### Records provided ###
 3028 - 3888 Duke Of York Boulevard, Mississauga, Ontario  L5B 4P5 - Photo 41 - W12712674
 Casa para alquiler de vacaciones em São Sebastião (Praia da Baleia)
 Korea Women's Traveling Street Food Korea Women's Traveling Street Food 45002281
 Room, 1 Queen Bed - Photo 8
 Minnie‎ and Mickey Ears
###
### Records provided ###
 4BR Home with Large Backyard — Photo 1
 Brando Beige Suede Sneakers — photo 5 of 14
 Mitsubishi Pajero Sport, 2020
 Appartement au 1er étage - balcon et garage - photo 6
###
● Work instruction
In the records above, find the line with "4BR Home with Large Backyard — Photo 1"; write out exactly that line and each one after it, stopping after the line with "Appartement au 1er".

● Expected output
 4BR Home with Large Backyard — Photo 1
 Brando Beige Suede Sneakers — photo 5 of 14
 Mitsubishi Pajero Sport, 2020
 Appartement au 1er étage - balcon et garage - photo 6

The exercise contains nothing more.